The motion was filed in federal court Monday. In it, attorney Gilbert Sison of Rosenblum, Schwartz, Rogers & Glass, outlines for the first time Tebeau's defense to the indictment against him.
Among the arguments made in the four-page motion:
* Prosecutors are seeking to convict Tebeau by arguing that attendees at the Schwagstock festivals, held on Tebeau's Camp Zoe property, sold, distributed and used illegal drugs on an "open and widespread basis." But while they claim Tebeau was aware of such activity, they don't allege that he was personally involved in any such transactions.
* And that could be a problem. Under the statutes used to charge Tebeau, which were originally intended to go after the owners of crackhouses, the government "must prove that Tebeau knowingly made his property (Camp Zoe) available for use for the purpose of unlawfully manufacturing, storing, distributing or using a controlled substance," Sison writes.
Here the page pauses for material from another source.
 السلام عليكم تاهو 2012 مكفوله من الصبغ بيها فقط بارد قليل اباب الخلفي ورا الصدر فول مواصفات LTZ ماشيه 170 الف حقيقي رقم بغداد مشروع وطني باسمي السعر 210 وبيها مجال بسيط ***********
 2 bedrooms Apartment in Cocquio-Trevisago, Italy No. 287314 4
And, as Sison writes, that means it is insufficient to show that festival attendees had an illegal purpose -- Tebeau himself must be shown to have it. The government has failed to proffer any such evidence, Sison writes.
* Interpreting the statute in a way that holds Tebeau accountable for attendees' illegal purposes would be unconstitutionally vague -- a violation of the Fifth Amendment.
* It could also trigger First Amendment concerns. "If the Government's interpretation stands, the only sure way for concert and music promoters to avoid liability under the statute would be to not hold such concerts or music festivals at all," he writes. In fact, Tebeau stopped holding Schwagstock festivals after being slapped with the indictment: "This represents an impermissible infringement on Tebeau's First Amendment rights and the rights of others to hold similar types of music festivals or concerts."
Then-RFT staff writer Keegan Hamilton explored the concerns of other music promoters in light of Tebeau's legal troubles in a piece last year. Hamilton's cover story about Tebeau's case is also online here.
The feds originally moved to seize the Camp Zoe property, alleging rampant drug use gave them the right to take it via a process called asset forfeiture. It was only months later -- after facing criticism from civil libertarians that the asset forfeiture process was being abused -- that they obtained a federal indictment against Tebeau.
Tebeau's travails recently drew coverage from the Wall Street Journal, which seemed to share the skepticism of those who've questioned the case. As the paper notes, "Under federal law, a property owner can face 20 years in prison if prosecutors can prove the owner knowingly allowed illegal drugs to be used or sold on his premises--even if he isn't directly involved. ...Defenders of Mr. Tebeau say his case is an example of government overreach, given the ubiquitous use of drugs at many music concerts."